The data below:

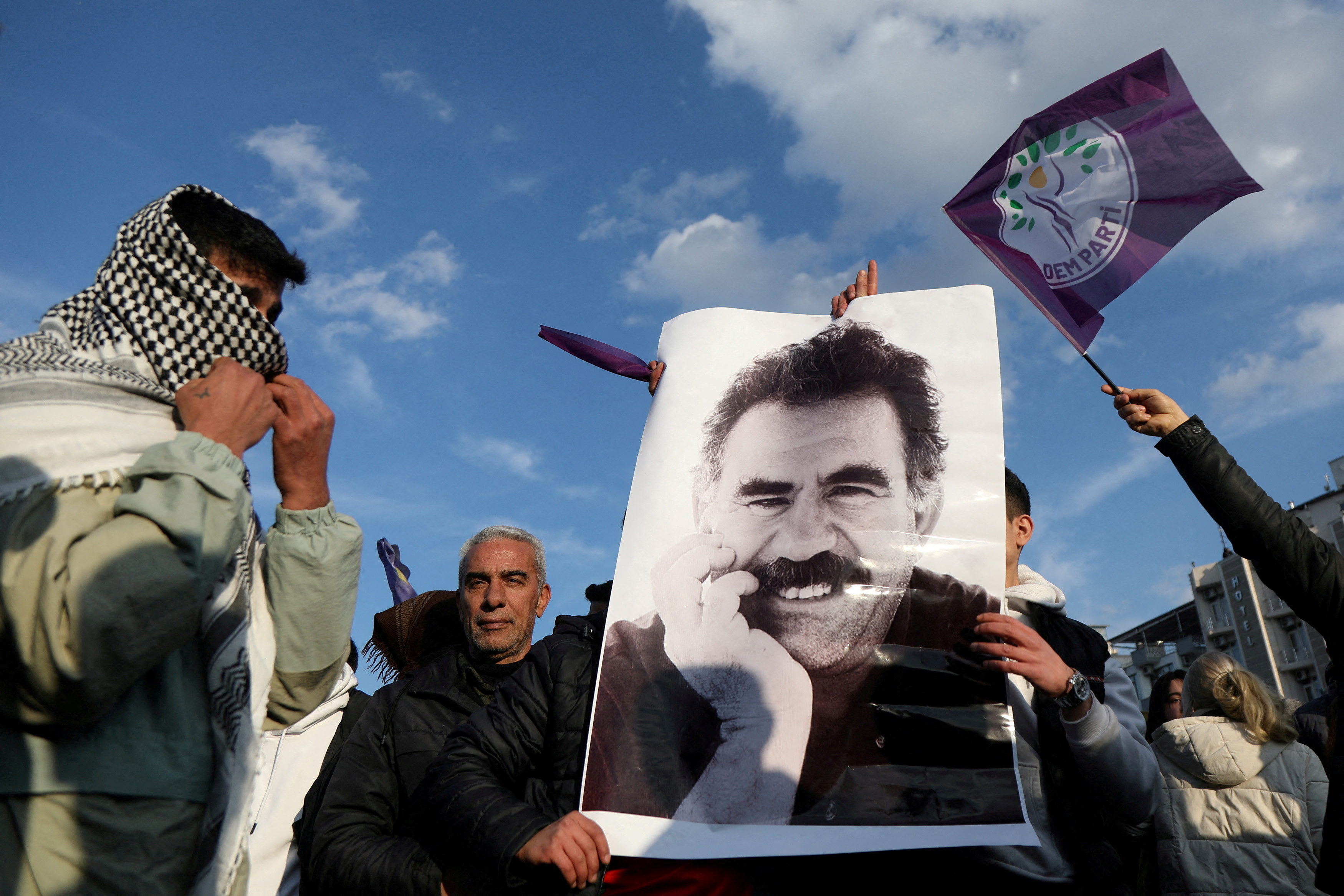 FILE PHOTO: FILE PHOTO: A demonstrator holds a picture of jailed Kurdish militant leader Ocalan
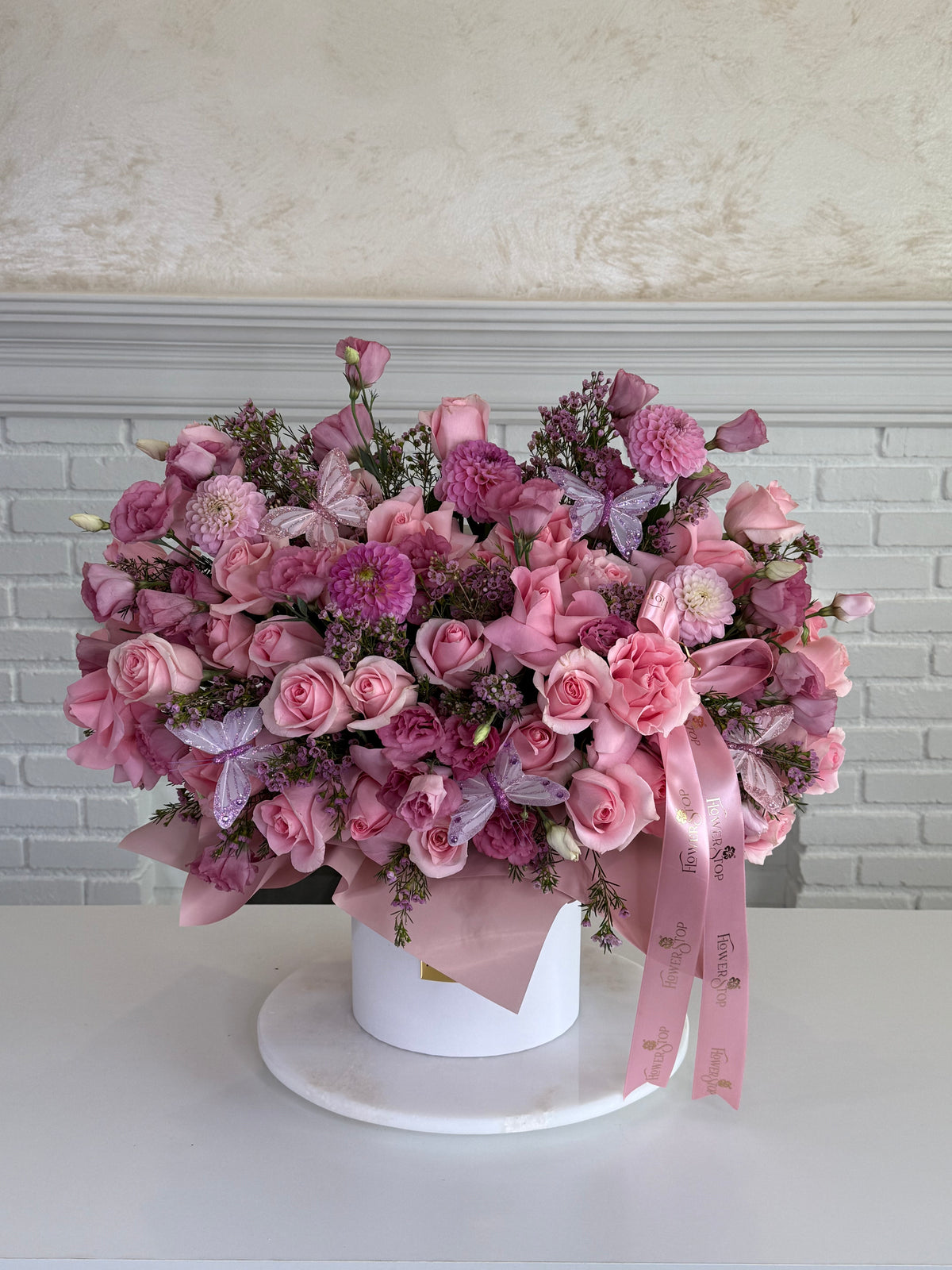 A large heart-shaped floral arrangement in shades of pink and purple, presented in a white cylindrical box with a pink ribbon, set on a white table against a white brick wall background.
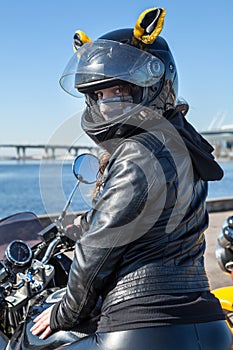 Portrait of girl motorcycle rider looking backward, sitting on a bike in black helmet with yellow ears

End of The data.
The data below:

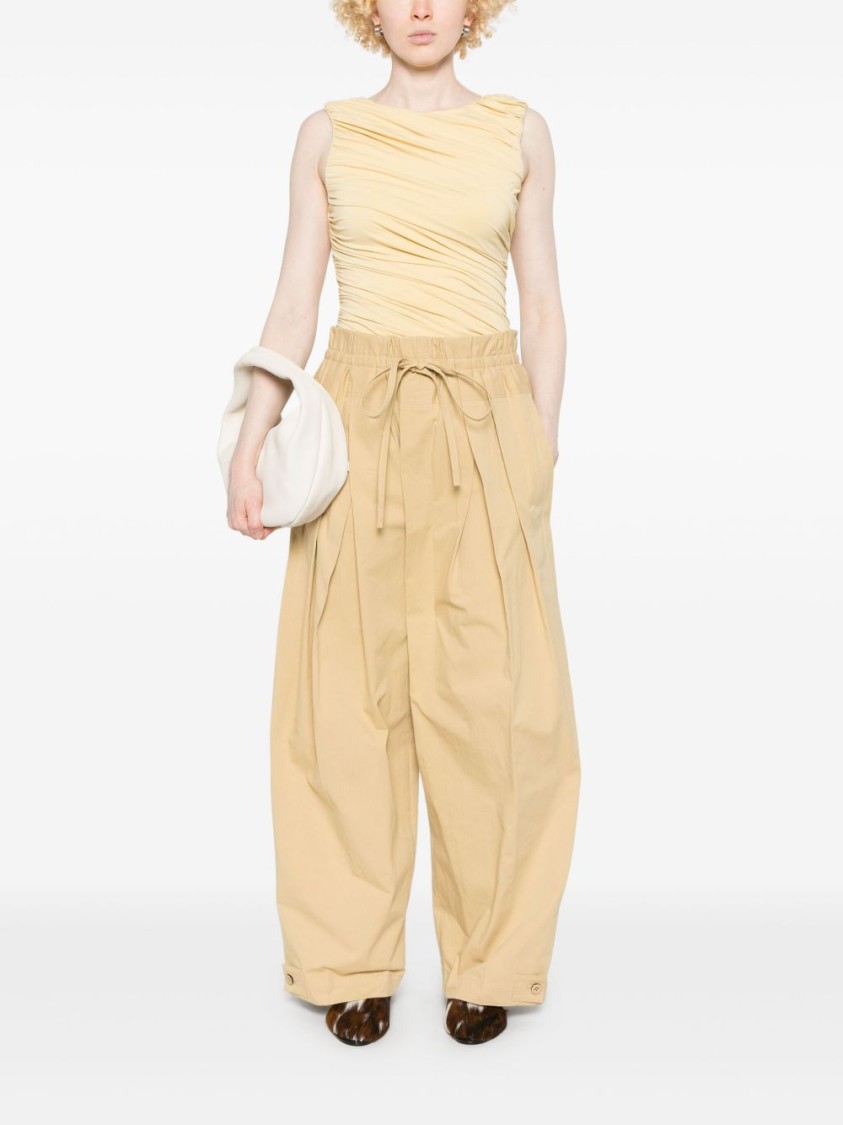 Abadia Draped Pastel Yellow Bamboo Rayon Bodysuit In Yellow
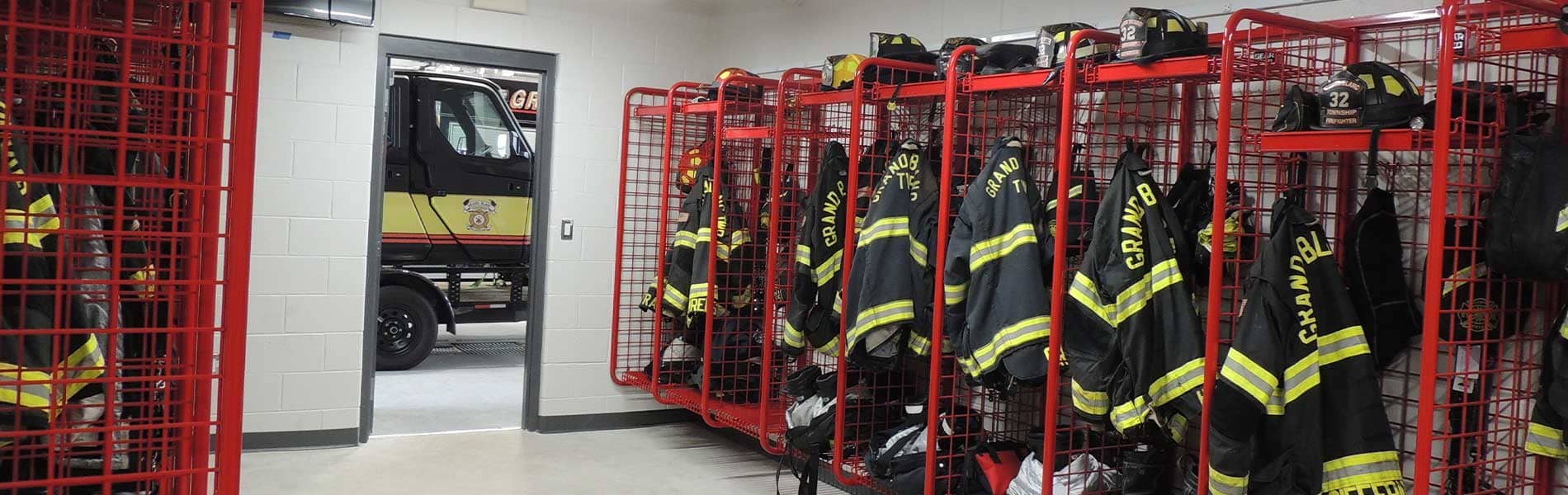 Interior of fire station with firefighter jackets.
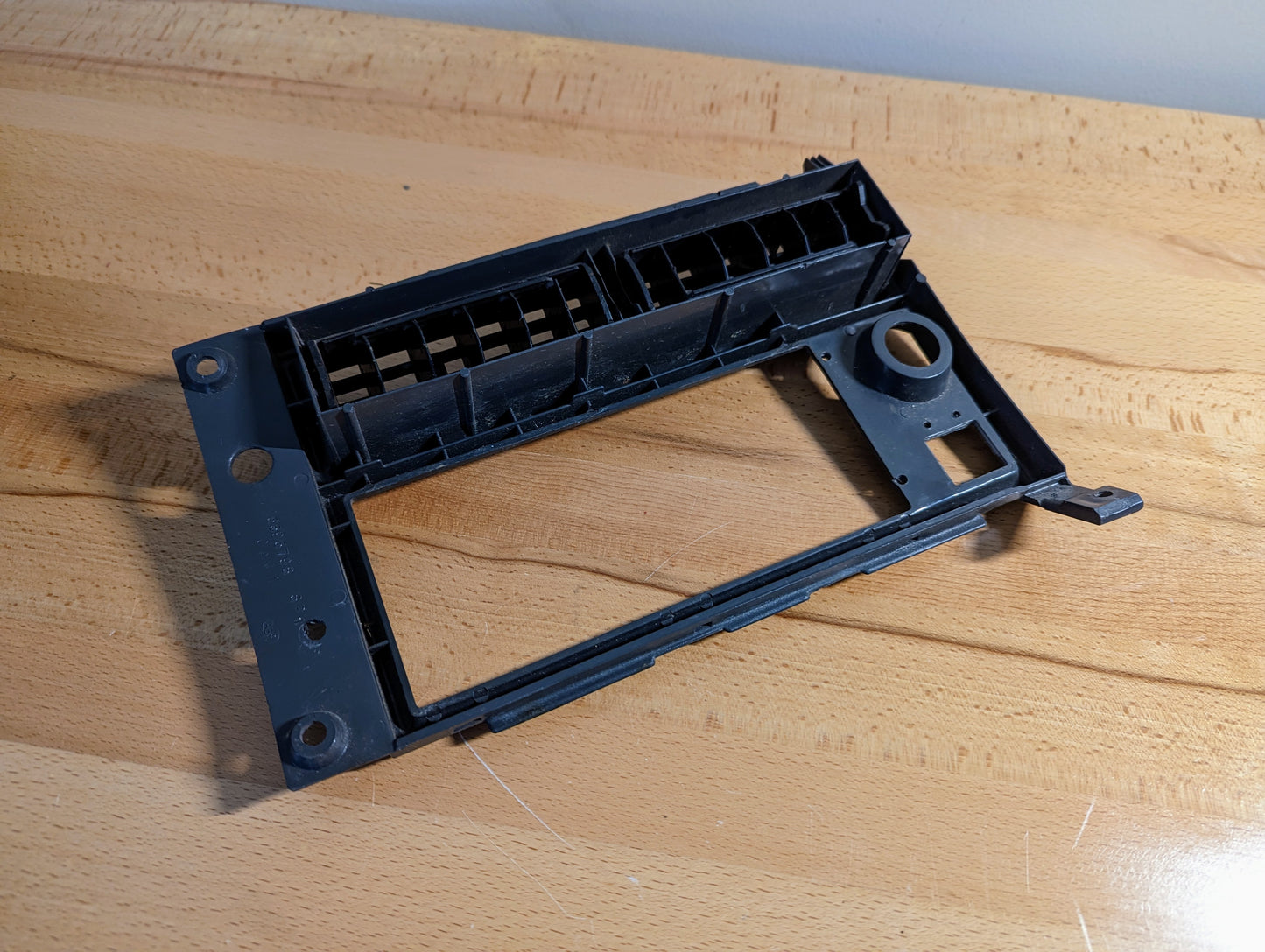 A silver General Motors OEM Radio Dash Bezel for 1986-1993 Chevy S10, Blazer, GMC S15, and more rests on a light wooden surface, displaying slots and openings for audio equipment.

End of The data.
The data below:

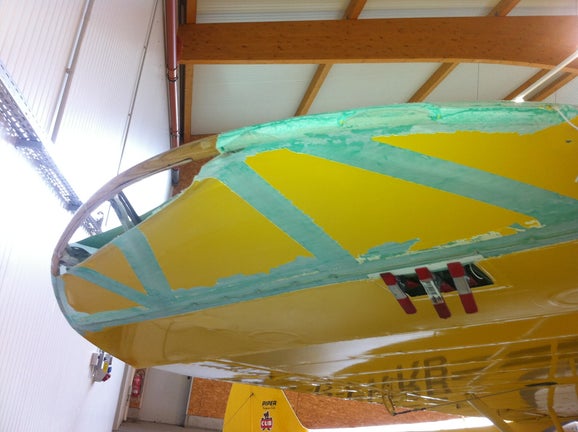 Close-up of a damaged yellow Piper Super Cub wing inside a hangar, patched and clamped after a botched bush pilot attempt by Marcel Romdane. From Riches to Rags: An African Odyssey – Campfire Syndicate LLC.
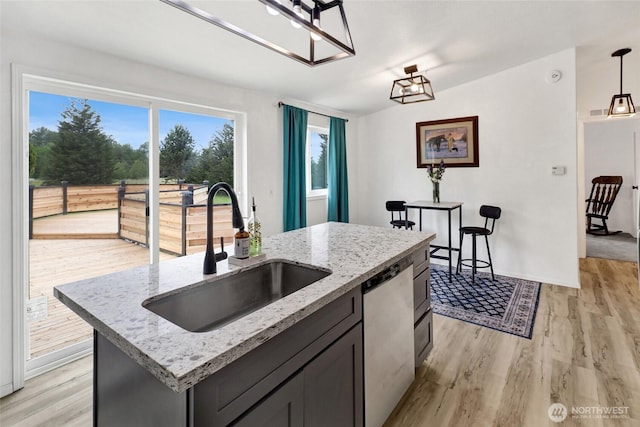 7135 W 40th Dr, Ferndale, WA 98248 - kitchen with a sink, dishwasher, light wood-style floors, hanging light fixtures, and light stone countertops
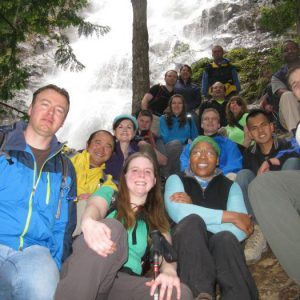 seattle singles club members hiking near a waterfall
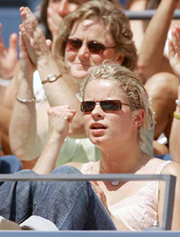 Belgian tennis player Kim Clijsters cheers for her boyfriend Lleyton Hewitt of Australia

End of The data.

**Activity**
Give again, exactly as written above, every line from the one holding "7135 W 40th" to the one holding "Belgian tennis player", with both ends kept and the pictures left out.

**Exercise response**
 7135 W 40th Dr, Ferndale, WA 98248 - kitchen with a sink, dishwasher, light wood-style floors, hanging light fixtures, and light stone countertops
 seattle singles club members hiking near a waterfall
 Belgian tennis player Kim Clijsters cheers for her boyfriend Lleyton Hewitt of Australia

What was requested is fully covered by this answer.